Nearly a decade ago, animal rights activists targeted a Pennsylvania dairy farm over its treatment of livestock. The effort fell flat. Now they’re back, launching a new round of allegations against the same family-run operation that milks hundreds of cows.
A PETA operative gained employment at Reitz Dairy Farm near Shamokin in central Pennsylvania this spring and spent two months surreptitiously shooting video that activists once again say shows severe maltreatment of the herd. The undercover probe sets up another potential legal tussle between People for the Ethical Treatment of Animals and family farmers who say they properly care for their cattle.
PETA officials presented their evidence to state police last week. Police have opened an investigation, visiting the farm on Tuesday and requiring the owners to work with their veterinarian, said Cpl. Michael Spada, the Animal Cruelty Officer with the Pennsylvania State Police.
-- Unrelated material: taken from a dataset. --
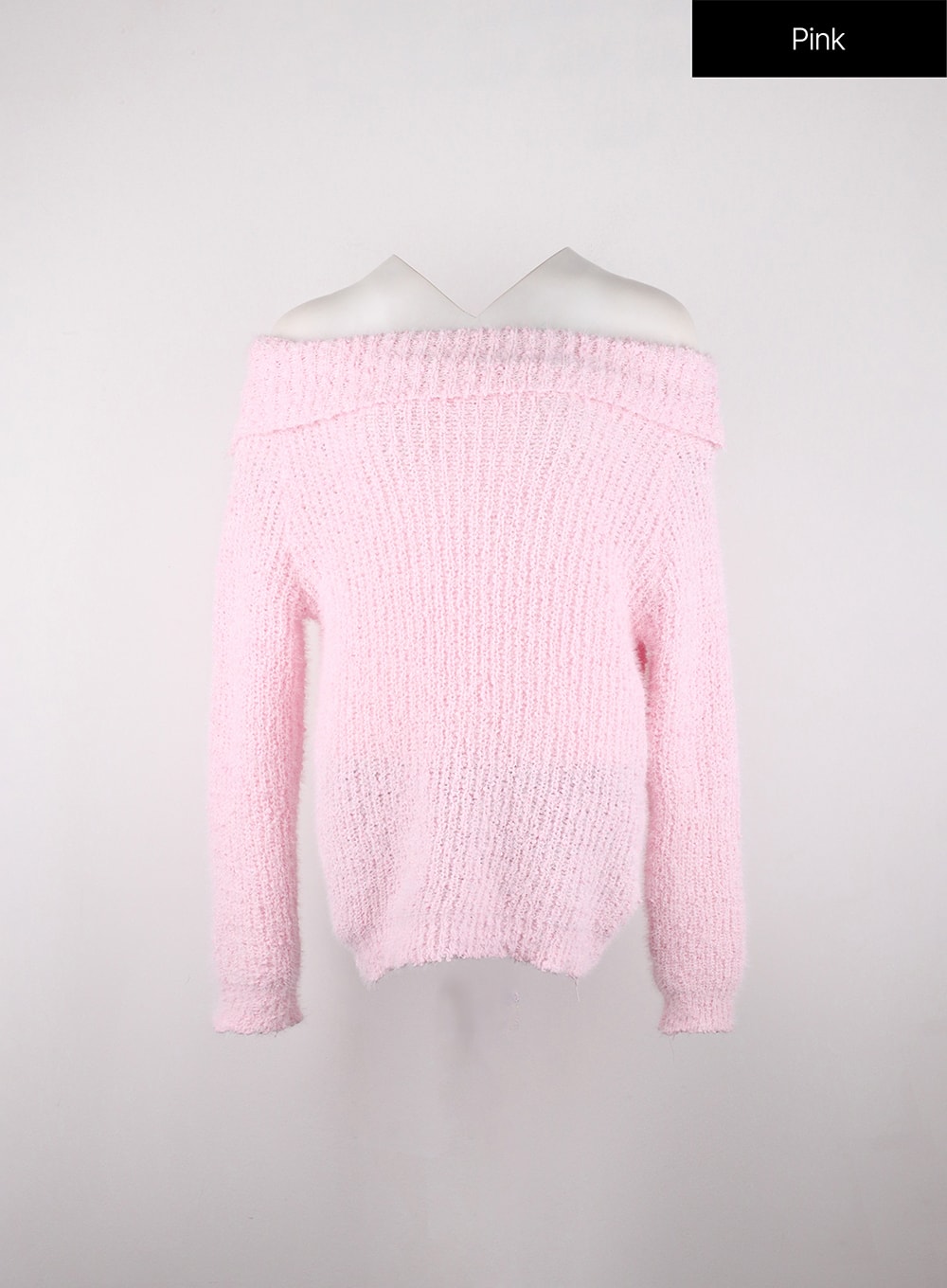 asymmetrical-knit-off-shoulder-solid-long-sleeve-sweater-od326 / Pink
The investigation remains open.
“Every day is pain and suffering for many of the animals at this farm,” said Dan Paden, PETA’s vice-president of evidence analysis. “These animals are denied needed care for obvious injuries and severe lameness and they are kept in incredibly filthy conditions.”
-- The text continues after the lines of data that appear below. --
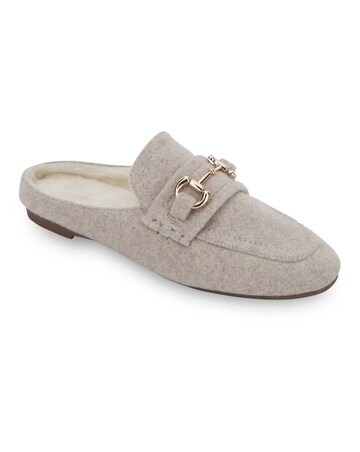 Mule Slipper with Snaffle Trim - Wide Fit (E)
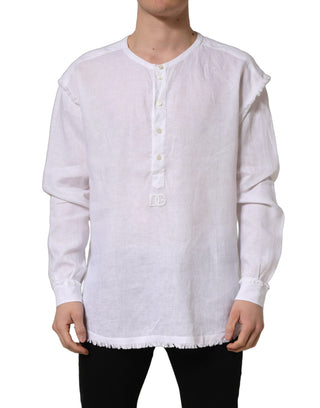 White Linen Logo Long Sleeves Casual Shirt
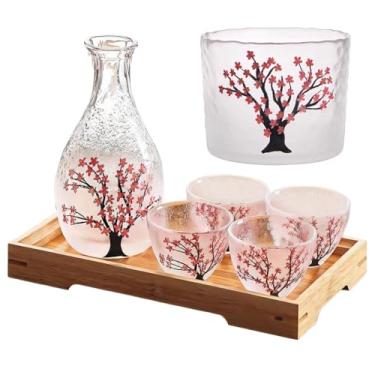 Imagem de Chewtoyo Conjunto de saquê de vidro feito à mão - jarra de saquê elegante estilo japonês e 4 xícaras com aquecedor, ideal para reuniões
Reitz’s owner, Lloyd Reitz Sr., said he had no comment on the allegations when reached by phone on Thursday.
In 2010, Reitz and his son, Andy Reitz, were tried on summary animal cruelty charges after a similar undercover investigation. The judge cleared them, saying the video evidence was inconclusive and that he was persuaded by the testimony of the farm’s longtime veterinarian, who said he never saw evidence of cruelty or negligence.
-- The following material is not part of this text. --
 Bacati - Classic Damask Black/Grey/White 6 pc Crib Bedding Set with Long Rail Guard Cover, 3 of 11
“There was no wanton intent to hurt any animals,” the farmers’ attorney, Roger Wiest II, argued then. He denounced PETA as an extremist group that had committed “domestic terrorism” by spying on the farm.
“Farming is a hard, dirty business,” Wiest added, according to The News-Item in Shamokin. “I believe you’ve made a mountain out of a molehill with this case.”
PETA officials insist they had the goods — then and now.
The latest video, which PETA released publicly, purports to depict cows and calves wallowing in their own manure and urine in filthy barns with no bedding; cows with grotesquely swollen hind leg joints, or hocks, some of which had ruptured and were discharging blood and pus; animals with lameness; and a worker who uses a cane to repeatedly hit a cow that had become trapped in a stall, striking her on her sensitive udder.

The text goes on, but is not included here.